----- RECORDS SHOWN -----

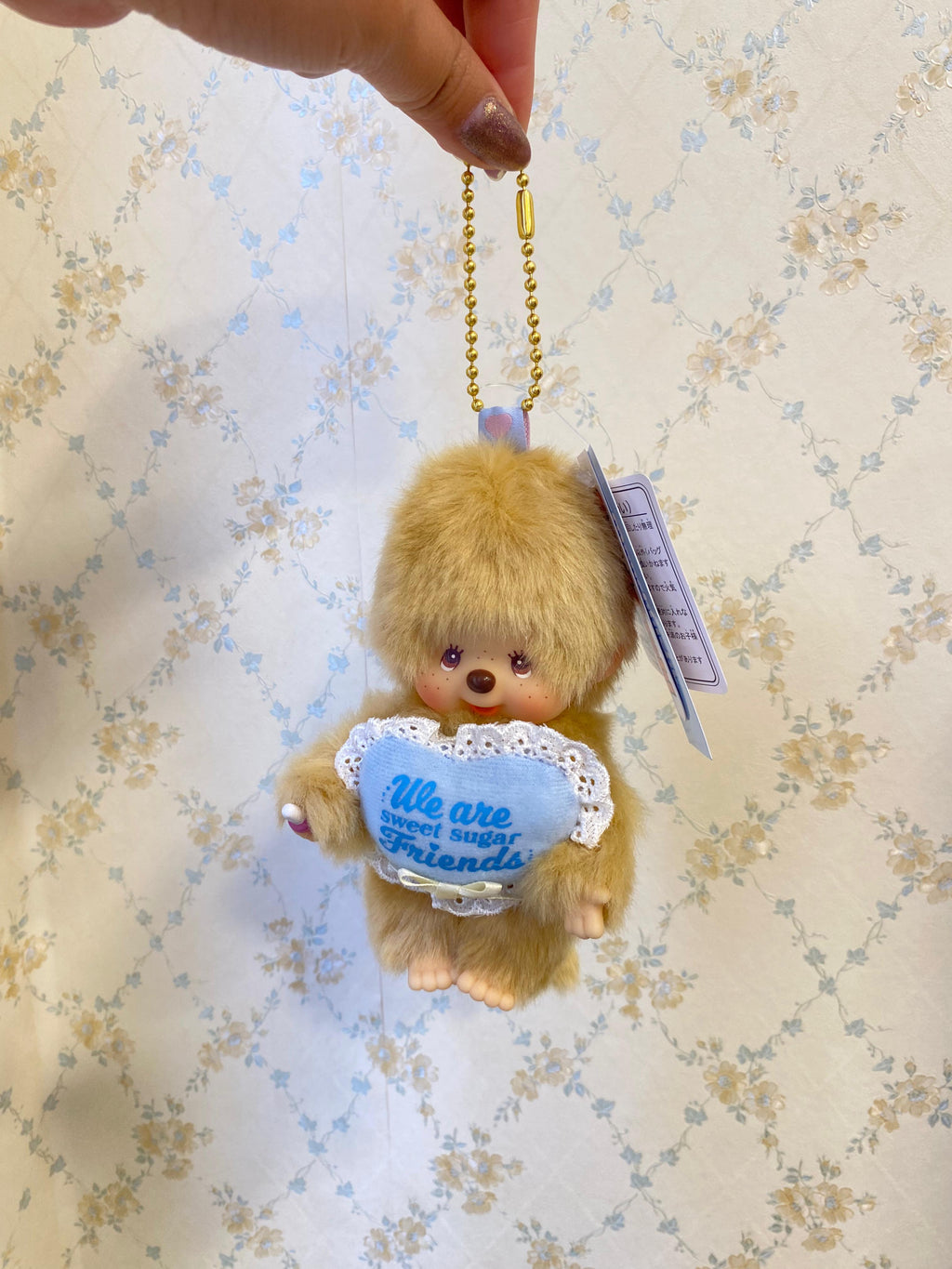 Monchhichi Niño Sugar Friends Llavero Sekiguchi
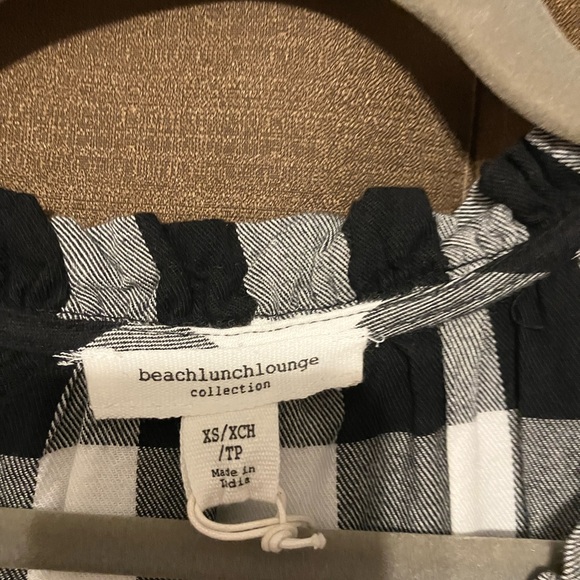 BeachLunchLounge Buffalo Check Flannel Dress - Picture 4 of 8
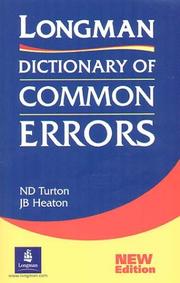 Longman Dictionary of Common Errors. (Lernmaterialien)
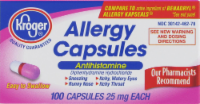 Kroger® Antihistamine Allergy 25mg Capsules Perspective: Main
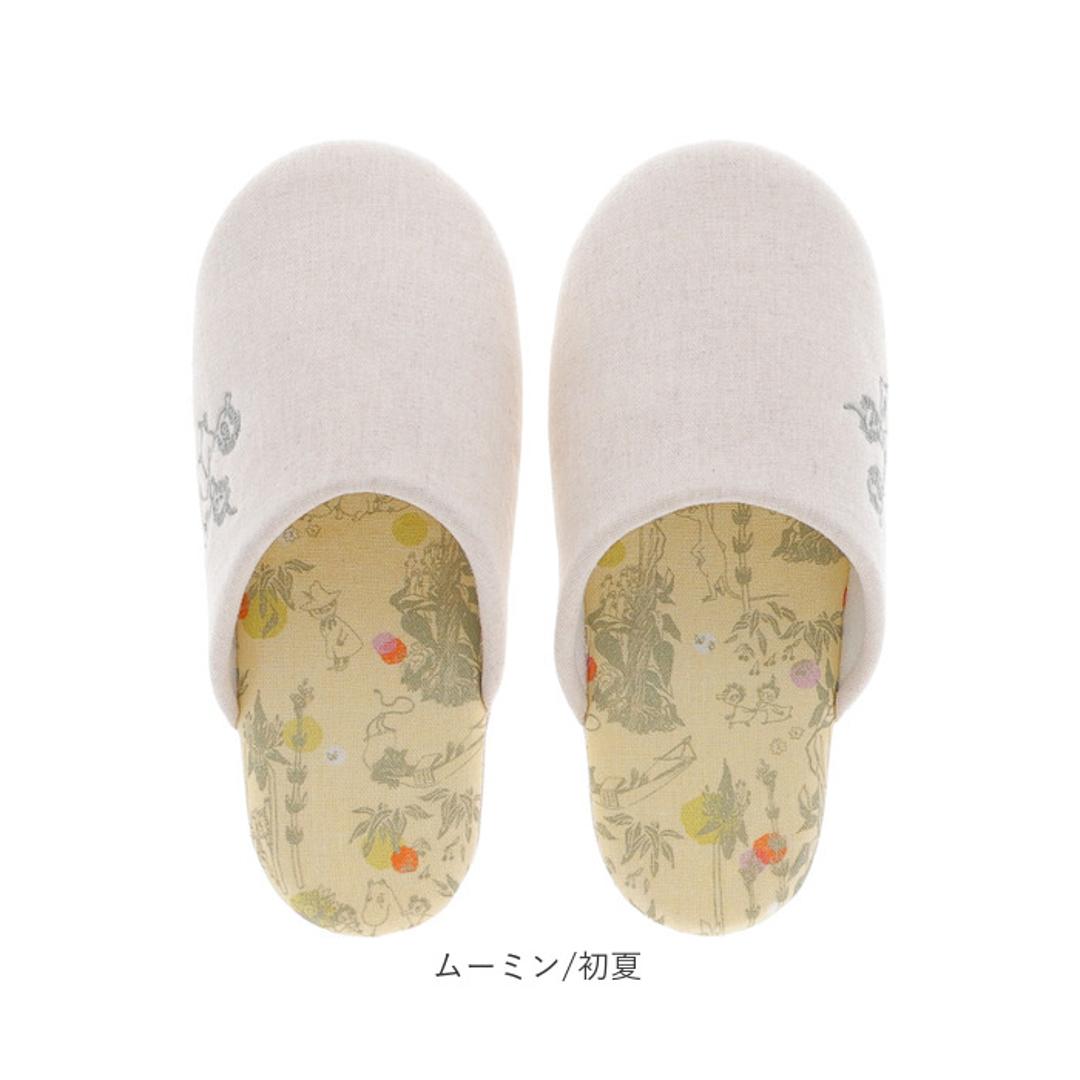 スリッパ レディース 通販 ルームシューズ キャラクター ルームスリッパ 室内履き 室内ばき 部屋ばき 室内 シューズ 洗える 北欧 綿100% コットン 来客用 ギフト 贈り物 キャラクターグッズ 生活雑貨 かわいい おしゃれ ムーミン/クッキア ・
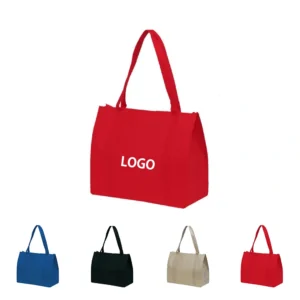 Multicolor custom retail shopping bags with logo – eco-friendly non-woven tote bags for stores and events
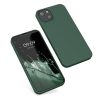 Kryt Kwmobile pro Apple iPhone 13, silikonový, zelený, 55948.169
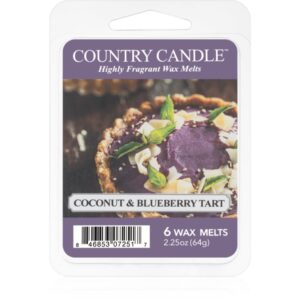 Country Candle Coconut & Blueberry Tart ceară pentru aromatizator 64 g-ro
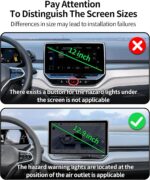 Car Phone Holder for 2024 2025 VW ID.4/2025 VW ID.Buzz Accessories 12.9-Inch Screen Fixed Clip, 360° Rotation Phone Mount Compatible with MagSafe - Image 4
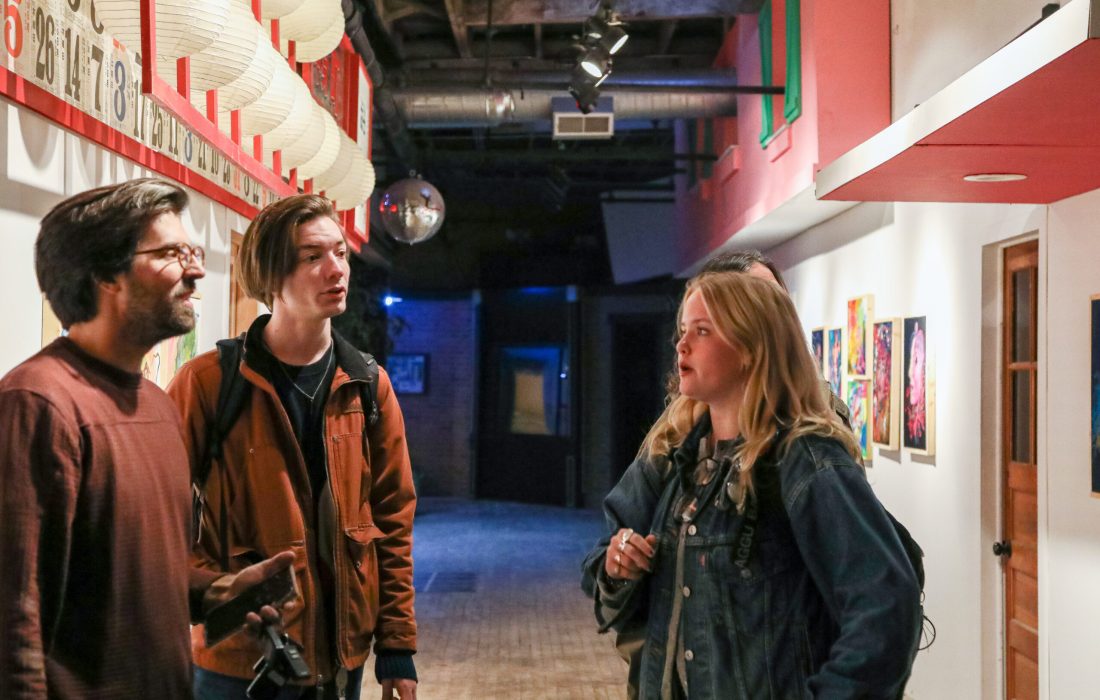 Throughout the fall semester, film students unite to produce projects that will headline at the Davis Theater next May. (Katrina De Guzman | The Phoenix)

-----

PROMPT
Everything from the top line of the data down to and including the line with "スリッパ レディース 通販" is to be copied, except the pictures.

RESPONSE AREA
 Monchhichi Niño Sugar Friends Llavero Sekiguchi
 BeachLunchLounge Buffalo Check Flannel Dress - Picture 4 of 8
 Longman Dictionary of Common Errors. (Lernmaterialien)
 Kroger® Antihistamine Allergy 25mg Capsules Perspective: Main
 スリッパ レディース 通販 ルームシューズ キャラクター ルームスリッパ 室内履き 室内ばき 部屋ばき 室内 シューズ 洗える 北欧 綿100% コットン 来客用 ギフト 贈り物 キャラクターグッズ 生活雑貨 かわいい おしゃれ ムーミン/クッキア ・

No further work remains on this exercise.